*** Source material ***

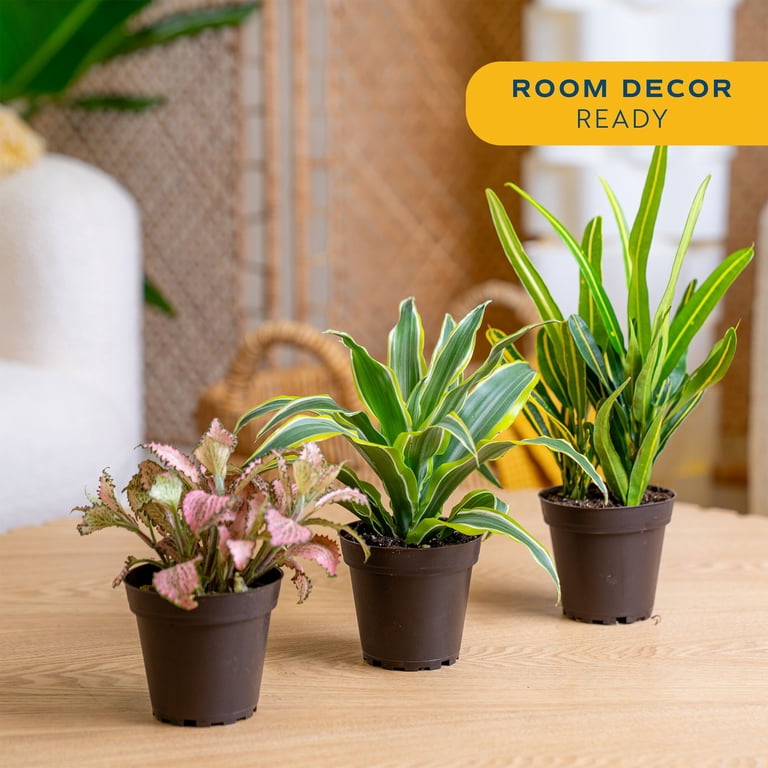 Costa Farms 8" Exotic Angels Assorted Live House Plants in 4" Grower Pot 3  (Count) - Walmart.com
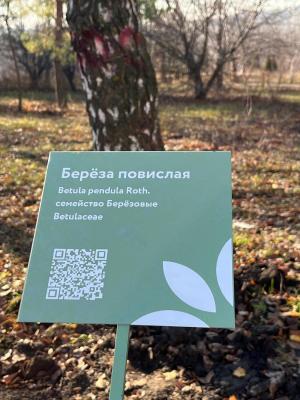 В Ботаническом саду в Саратове шум от автотранспорта отсекут с помощью деревьев и кустарников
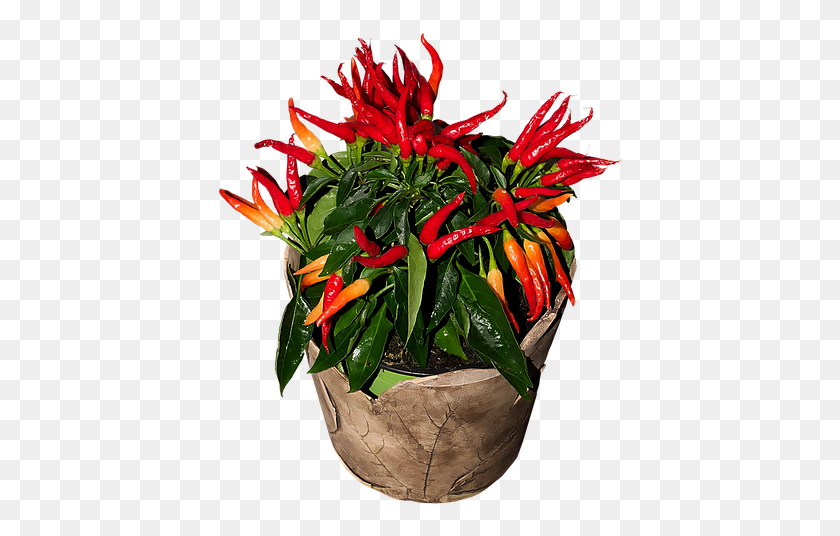 408x476 Chili Sharp Red Chilli Pepper Стручки Перца Flame Anthurium, Растение, Цветок, Цветение Png Скачать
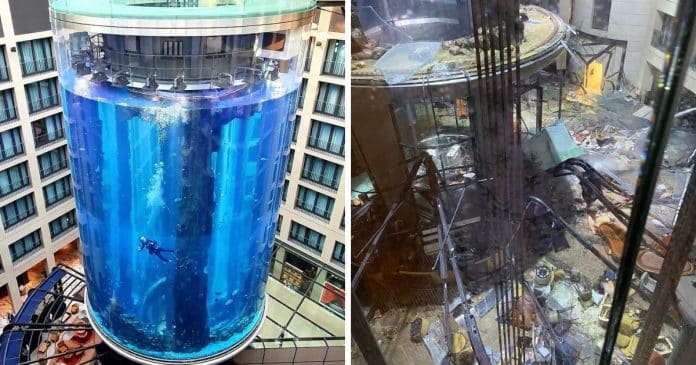 Aquário gigante explode em Berlim com 1.500 peixes dentro – o que aconteceu?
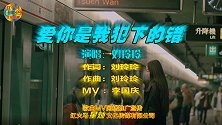 爱你是我犯下的错 演唱：刘玲玲 词曲：刘玲玲 MV：李国庆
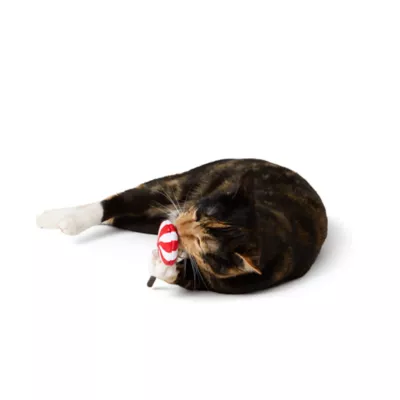 Product Whisker City® Catnip Lollipop Cat Toy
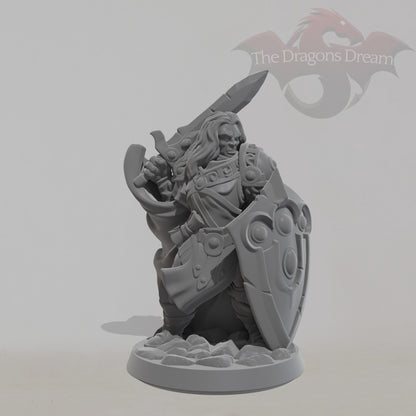 Male Paladin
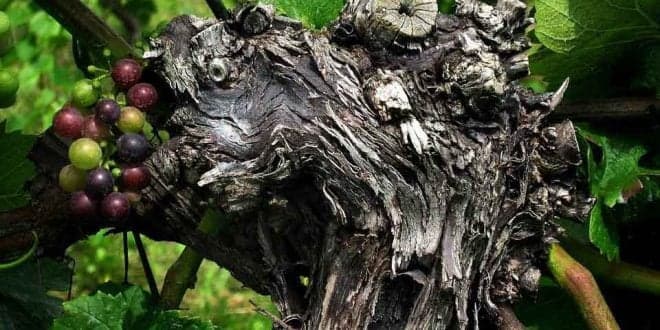 Há 343 castas aptas à produção de vinho em Portugal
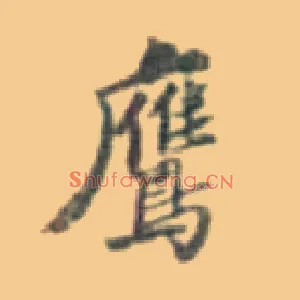 鹰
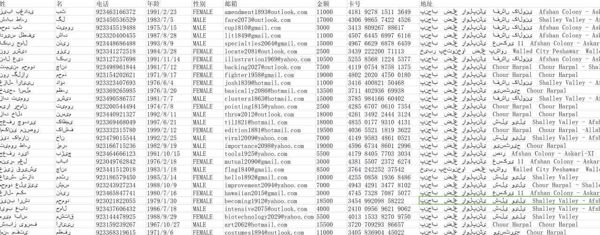 巴基斯坦389万贷款数据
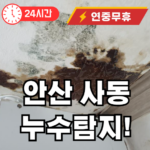 안산 사동 누수탐지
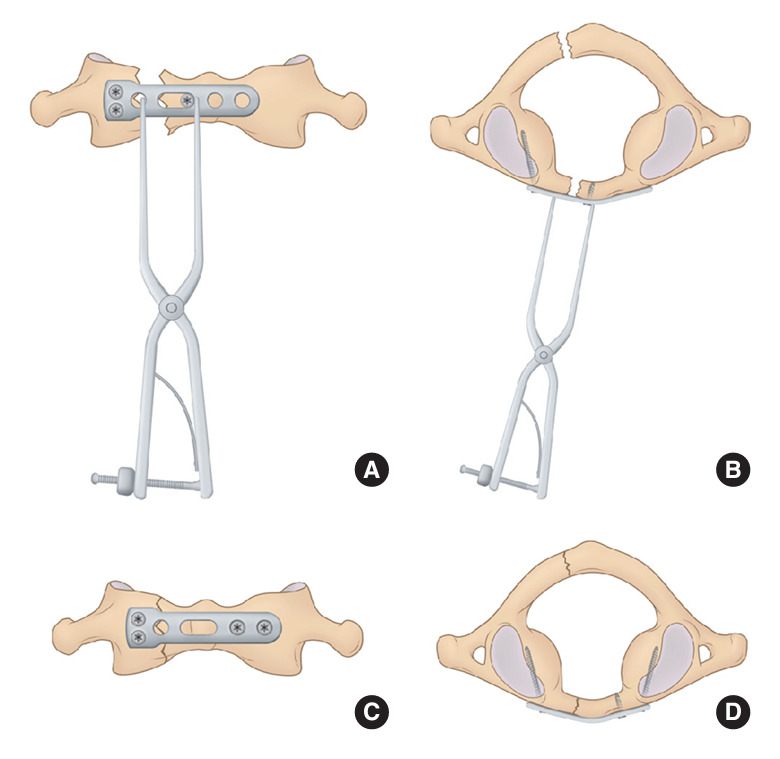 Fig. 1.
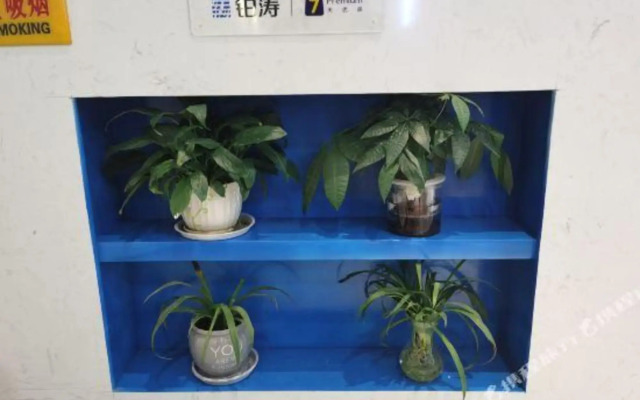 7 Premium(Shiyan Railway Station Store)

*** End of Source material ***

### [Your task]
What is needed is an exact copy of the lines from the start of the listing above through the line that holds "Product Whisker City®", with the pictures left out.

### [Solution]
 Costa Farms 8" Exotic Angels Assorted Live House Plants in 4" Grower Pot 3  (Count) - Walmart.com
 В Ботаническом саду в Саратове шум от автотранспорта отсекут с помощью деревьев и кустарников
 408x476 Chili Sharp Red Chilli Pepper Стручки Перца Flame Anthurium, Растение, Цветок, Цветение Png Скачать
 Aquário gigante explode em Berlim com 1.500 peixes dentro – o que aconteceu?
 爱你是我犯下的错 演唱：刘玲玲 词曲：刘玲玲 MV：李国庆
 Product Whisker City® Catnip Lollipop Cat Toy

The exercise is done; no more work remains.